K'INICH-AHK-AL MO'[NA:B], "Radiant Turtle Macaw Lake?" Drawing, transcription and translation after Martin and Grube (2008).


Maya ruler of Palenque; also known as Chaacal III and Akul Anab III. Reigned AD 721-736>.

Born 9.12.6.5.8 3 Lamat 6 Sak (September 13, 678).

Acceded: 9.14.10.4.2 9 Ik' 5 K'ayab (December 30, 721).

Wife: Lady Men Nik.

Father: Tiwol Chan Mat.

Mother: Lady Kinuw.

Brother: K'inich Janaab Pakal II?

Son: K'inich K'uk' Bahlam II.

Monuments: Temple 18 texts, Temple 19 bench and texts, Temple 21 texts; Tablets of the Orator and Scribe; Bundle Panel; House E Painted text?

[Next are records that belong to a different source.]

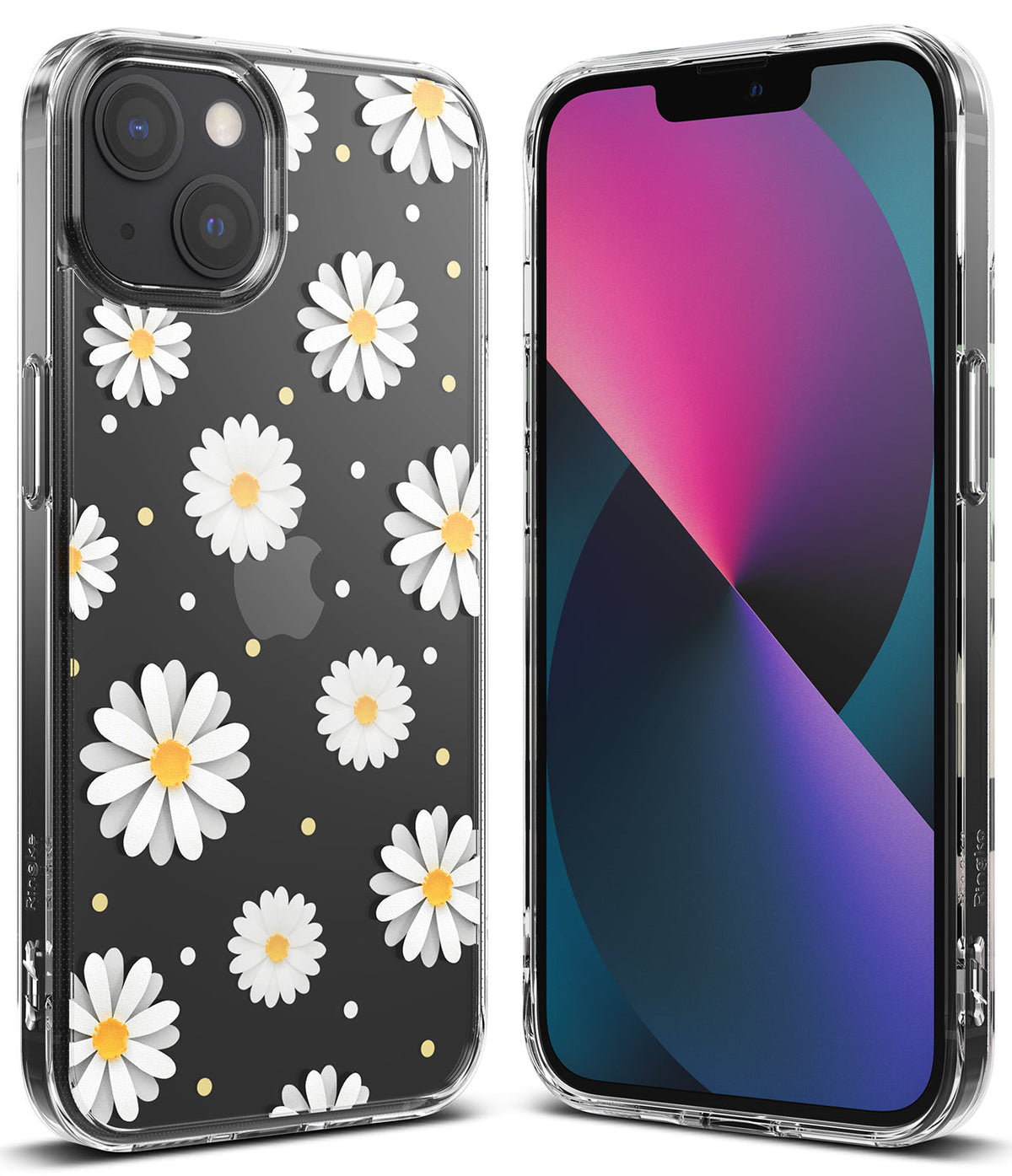 iPhone 13 Case | Fusion Design - Clear phone case with white daisy pattern and yellow dots on the back, shown from front and back.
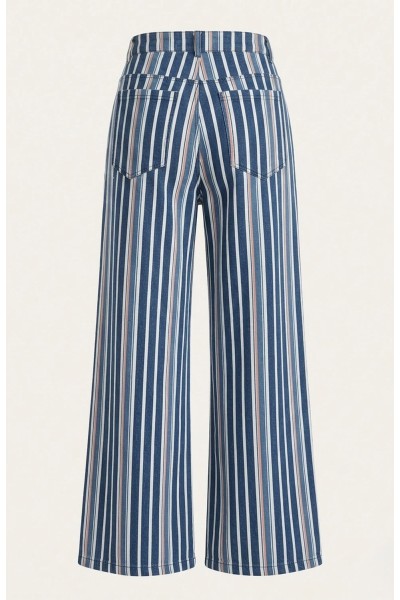 Portofino Striped Jean Wide-Leg Pants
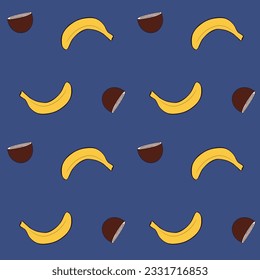 Muster mit Kokosnuss und Banane auf blauem Hintergrund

Whereas the succession had passed from brother to brother (as distinct from the more customary father to son) in the case of K'inich Kan Bahlam II and K'inich K'an Joy Chitam II, it was even less direct in the case of the latter and K'inich Ahkal Mo' Nahb III (Martin and Grube 2008:171-172). In all probability, however, K'inich Ahkal Mo' Nahb achieved his legitimacy by virtue of being the son of K'inich K'an Joy Chitam's younger brother (ibid.:172). K'inich Ahkal Mo' Nahb's father, Tiwol Chan Mat is associated with Lady Tz'akbu Ajaw, the wife of K'inich Janaab Pakal the Great, in the stucco text from Temple 18, and he was probably her son (ibid.:172). His burial in 680 was supervised by Pakal himself, suggesting that the great Palenque king was his father (Martin and Grube 2000:172). Thus K'inich Ahkal Mo' Nahb was a grandson of Pakal and the nephew of his two predecessors as ruler, K'inich Kan Bahlam and K'inich K'an Joy Chitam (Martin and Grube 2008:172).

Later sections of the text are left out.